- Theatrical release poster
- Directed by: David Kaplan
- Written by: David Kaplan
- Produced by: Rocco Caruso David Kaplan
- Starring: Tsai Chin Ken Leung Randall Duk Kim
- Cinematography: Adam Silver
- Edited by: François Keraudren
- Music by: Paul Cantelon
- Release date: October 14, 2007 (Austin Film Festival);
- Running time: 96 minutes
- Country: United States
- Language: English

= Year of the Fish =

Year of the Fish is a 2007 American animated film based on Ye Xian, a ninth-century Chinese variant of the fairy tale Cinderella, starring Tsai Chin, Randall Duk Kim, Ken Leung and An Nguyen. Written and directed by David Kaplan, the film is set in a massage parlor in modern-day New York's Chinatown.

The film was executive produced by Janet Yang and produced by Rocco Caruso. Kaplan's screenplay was developed at the Sundance Screenwriters and Directors Labs and was the recipient of a 2005 Leonore Annenberg Fellowship. Year of the Fish had its world premiere at the 2007 Sundance Film Festival.

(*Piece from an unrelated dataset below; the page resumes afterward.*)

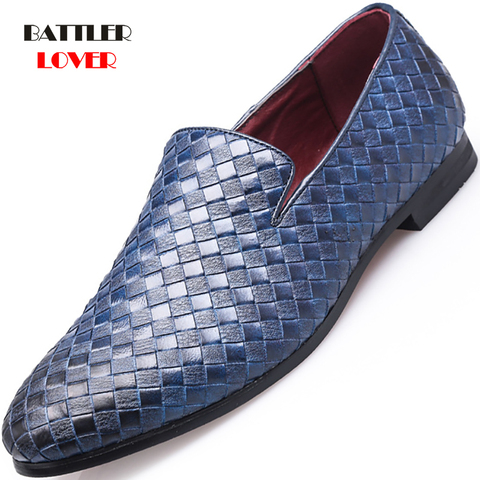 2022 Mens Casual Shoes Breathable Weave Leather Loafers Office Shoes For Men Driving Moccasins Comfortable Slip on Fashion Shoes ► Photo 1/6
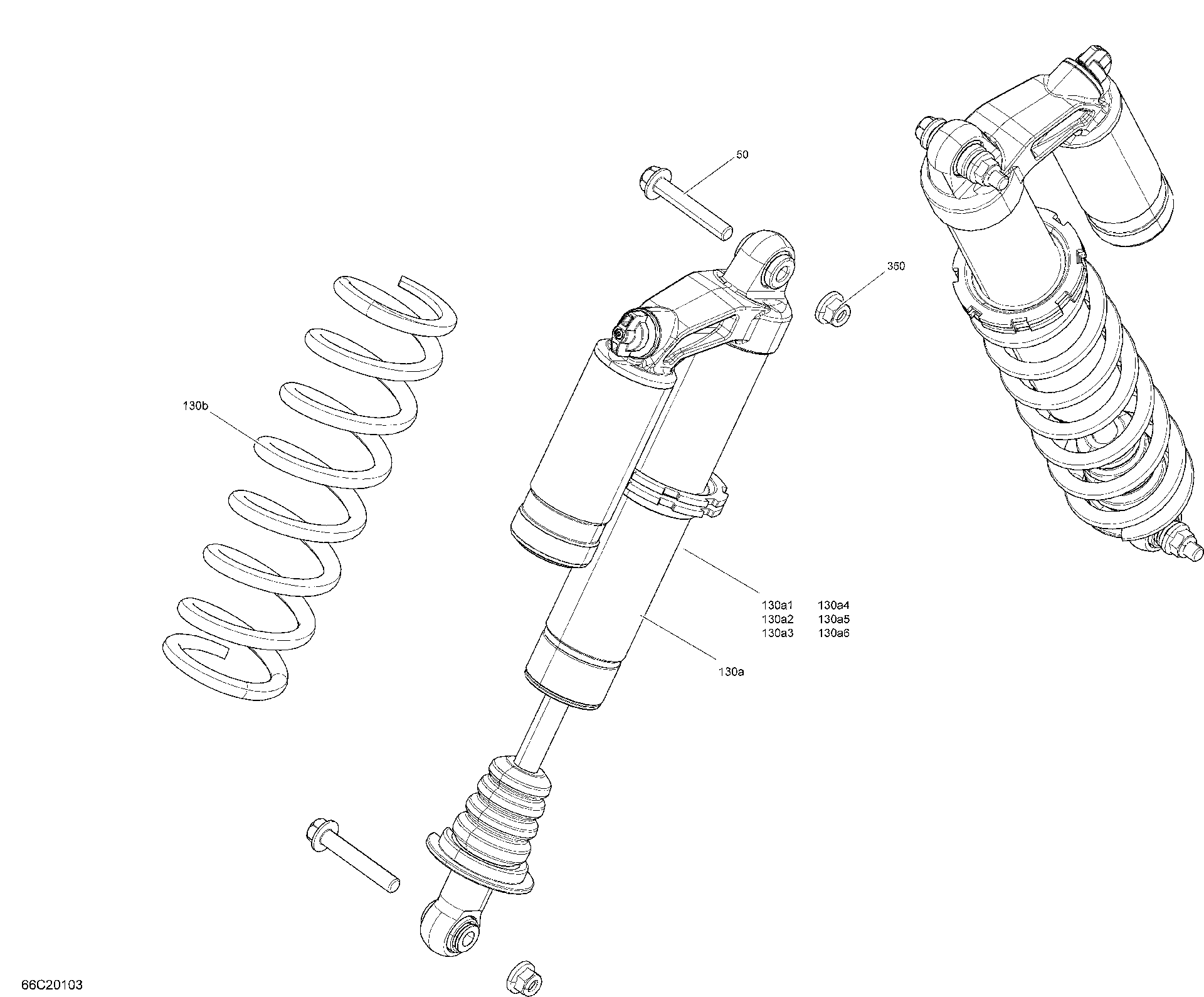 An Image of a Genuine Can-Am Parts Schematic Diagram showing the schematic - FRONT SHOCKS - LTD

The film was shot entirely on location in New York City's Chinatown using live actors and then animated in post-production via rotoscoping, the process of tracing over live-action footage to create an animation; in this case, a painterly, watercolor effect. Some of the make-up on the strange-looking characters were removed by the rotoscoping.

==Reception==
Year of the Fish premiered as the Official Selection of the 2007 Sundance Film Festival and was named "Best Film" at the 2007 Avignon Film Festival. It was also named "Best Film" at the 2007 Asheville Film Festival, won the Audience Award at the 2007 Independent Film Festival of Boston, and was nominated for the Piaget Producers Award at the 2009 Independent Spirit Awards.